━━━━━ Records supplied ━━━━━

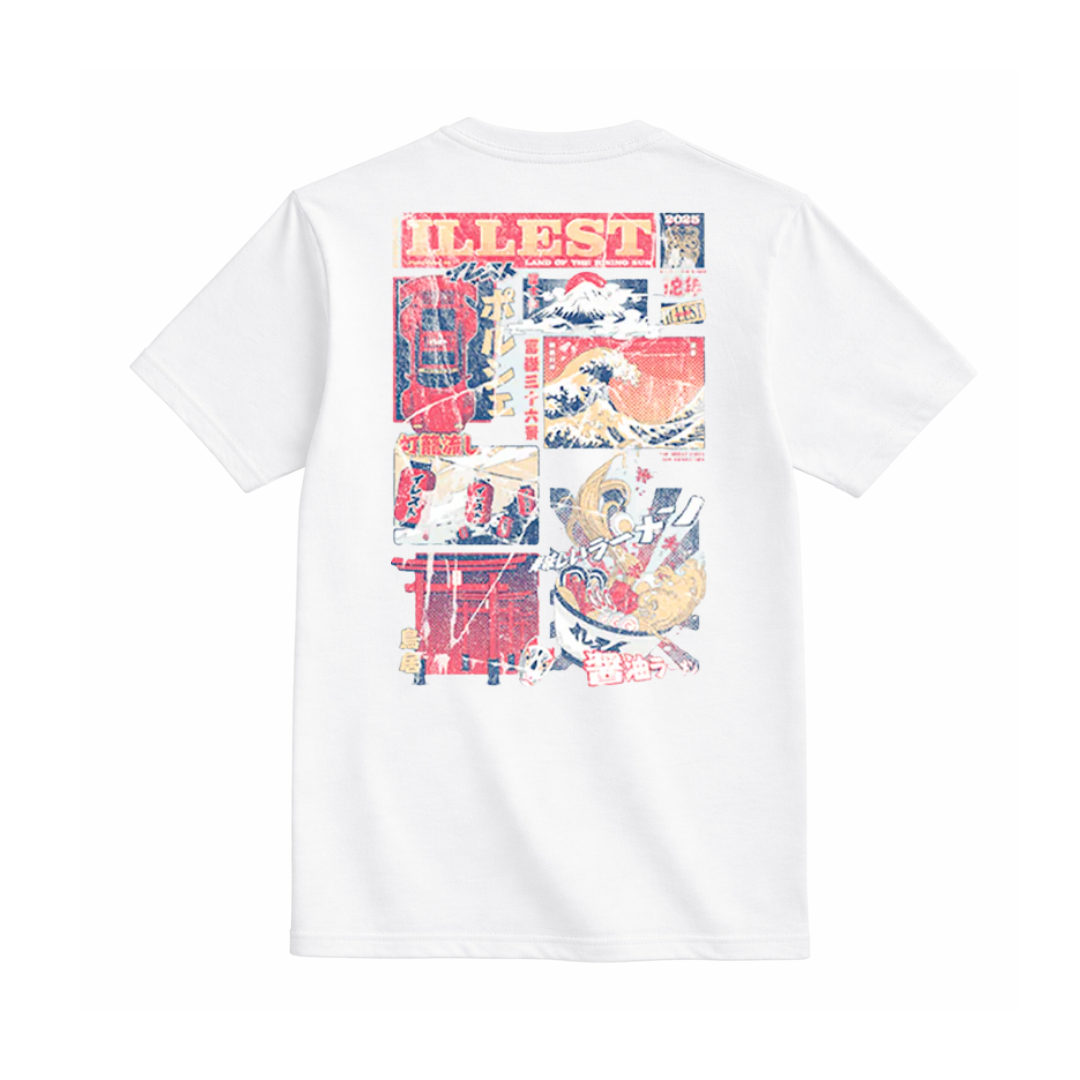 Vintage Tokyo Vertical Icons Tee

━━━━━
━━━━━ Records supplied ━━━━━

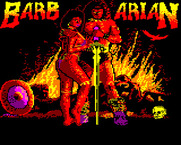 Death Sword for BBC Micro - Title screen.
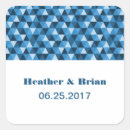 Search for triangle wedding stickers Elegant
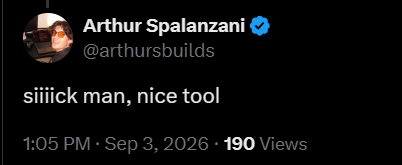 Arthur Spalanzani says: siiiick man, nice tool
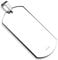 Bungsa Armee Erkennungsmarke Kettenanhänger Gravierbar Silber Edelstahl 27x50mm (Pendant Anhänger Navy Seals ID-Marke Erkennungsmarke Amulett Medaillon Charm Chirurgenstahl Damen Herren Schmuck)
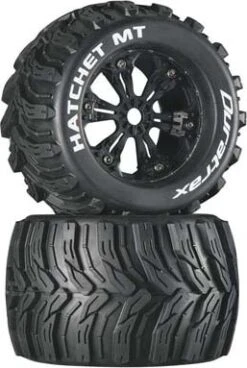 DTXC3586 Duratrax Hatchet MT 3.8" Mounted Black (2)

━━━━━

Problem details >>
Only one stretch of the listing is wanted: the lines starting at the one with "Bungsa Armee Erkennungsmarke" and ending at the one with "DTXC3586 Duratrax Hatchet", copied exactly and free of pictures.

Output of the task >>
 Bungsa Armee Erkennungsmarke Kettenanhänger Gravierbar Silber Edelstahl 27x50mm (Pendant Anhänger Navy Seals ID-Marke Erkennungsmarke Amulett Medaillon Charm Chirurgenstahl Damen Herren Schmuck)
 DTXC3586 Duratrax Hatchet MT 3.8" Mounted Black (2)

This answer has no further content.